La irrupción de la Inteligencia Artificial (IA) ha pasado de ser una promesa futurista a una fuente de profundo miedo laboral, tal como lo evidencia un impactante estudio de Goldman Sachs. El informe advierte que, a nivel global, hasta 80 millones de empleos podrían verse total o parcialmente automatizados por la IA en la próxima década. Esta cifra no es solo una estadística; es una señal de alarma para el mercado de trabajo, incluido el argentino.

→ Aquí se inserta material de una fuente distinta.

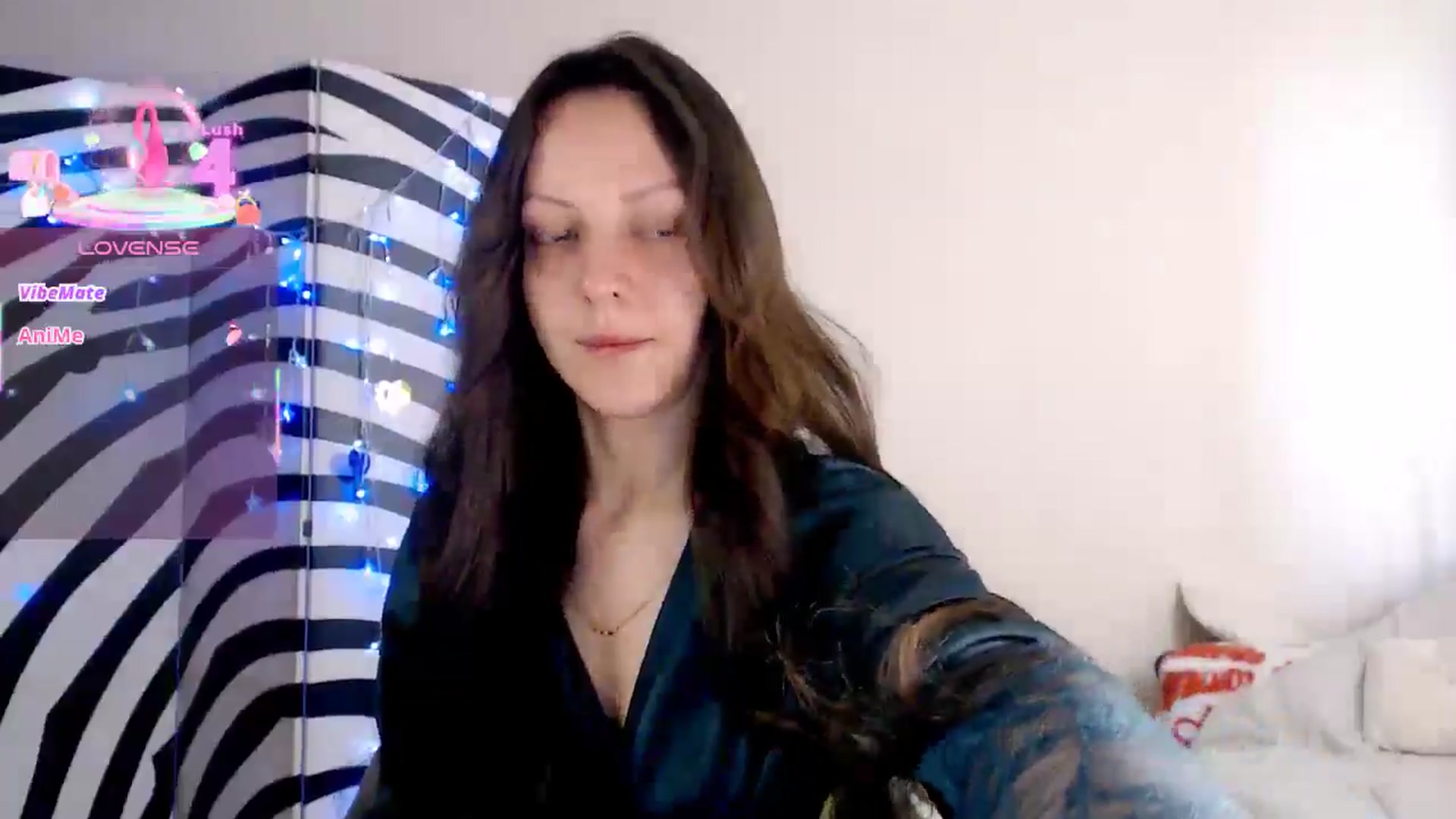 Gallery image thumbnail from BareflySi's myfreecams stream on, 04/23/2026, 09:54 image 14 of 20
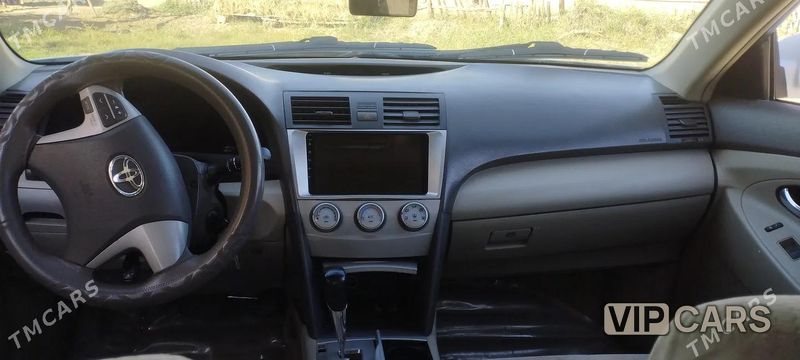 Toyota Camry, 2010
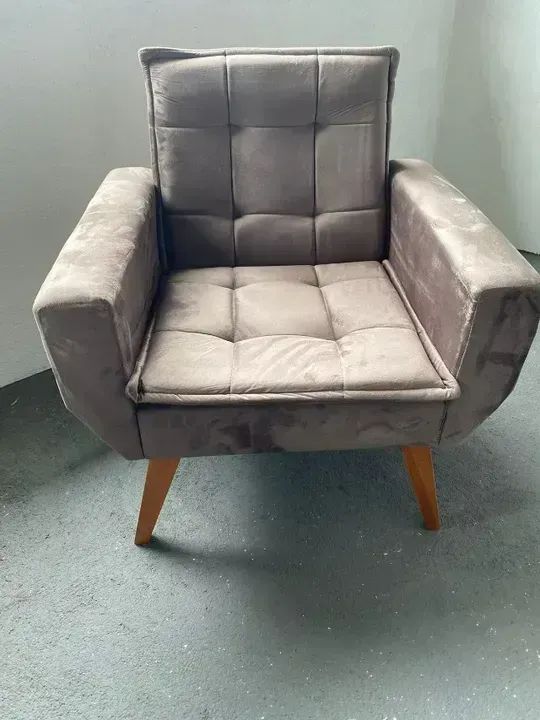 Poltrona decorativa marrom veludo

El miedo se justifica al analizar los sectores de mayor riesgo. El estudio apunta a los trabajos de cuello blanco, aquellos que requieren habilidades cognitivas pero son rutinarios: secretariado, contabilidad básica, codificación de programación de nivel junior y ciertas áreas de periodismo y atención al cliente. En Argentina, la preocupación se centra en el sector de servicios, donde muchas tareas administrativas y de soporte pueden ser reemplazadas por chatbots avanzados y algoritmos de gestión.
La Inteligencia Artificial no solo reemplaza, sino que transforma. La buena noticia es que, si bien puede destruir tareas repetitivas, también crea puestos de trabajo de mayor valor agregado: ingenieros de prompt, éticos de IA, desarrolladores de modelos y científicos de datos. El desafío para el mercado laboral argentino es la velocidad de adaptación.

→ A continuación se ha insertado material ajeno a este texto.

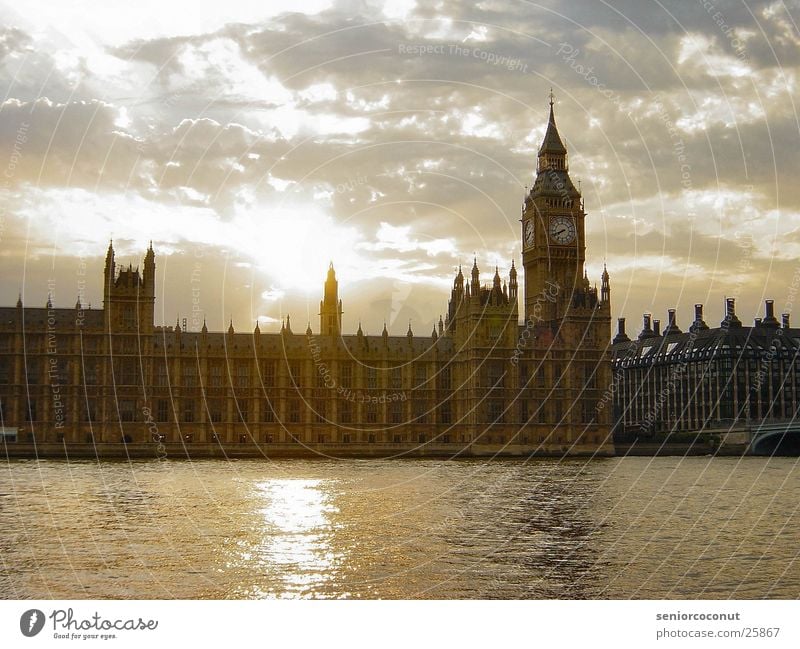 London - Houses of Parliament Big Ben Themse Clock Clouds Back-light Reflection Sunset Europe Past Water Architecture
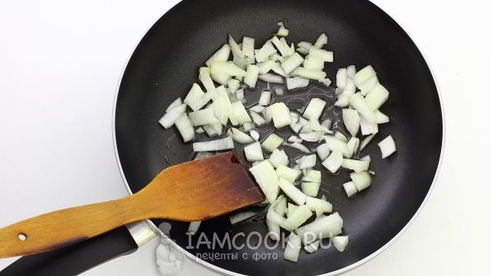 тушеные кабачки с морковью и луком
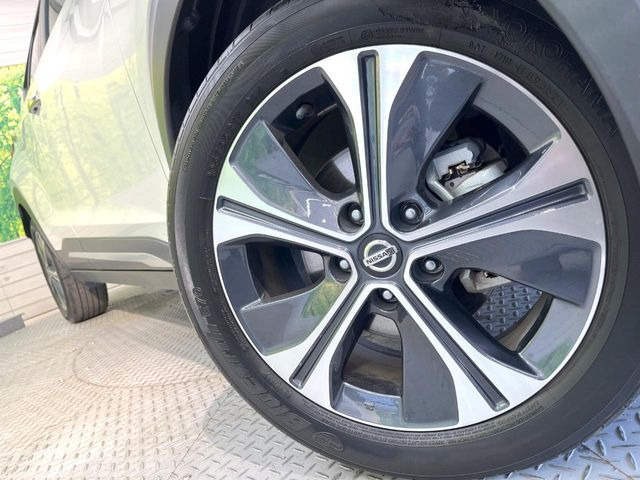 �y�����A���~�z�C�[���z�O�ςɃ}�b�`���������A���~�z�C�[���𑕒����Ă���܂��B�e��ЊO�A���~�z�C�[����A�X�^�b�h���X�^�C�����戵�����Ă���܂��B���񂲑��k����������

El miedo al desempleo masivo debe ser contrarrestado con una política de reentrenamiento a gran escala. Las universidades y los centros de formación técnica deben enfocarse en enseñar habilidades complementarias a la IA, como el pensamiento crítico, la creatividad y la inteligencia emocional, cualidades difíciles de replicar por una máquina.
El estudio de Goldman Sachs es un llamado a la acción. El impacto de la Inteligencia Artificial será disruptivo y rápido. Las empresas y los empleados que no se adapten a esta nueva realidad enfrentarán una obsolescencia profesional. El miedo es una emoción natural, pero debe ser el motor para una urgente reconversión educativa y laboral.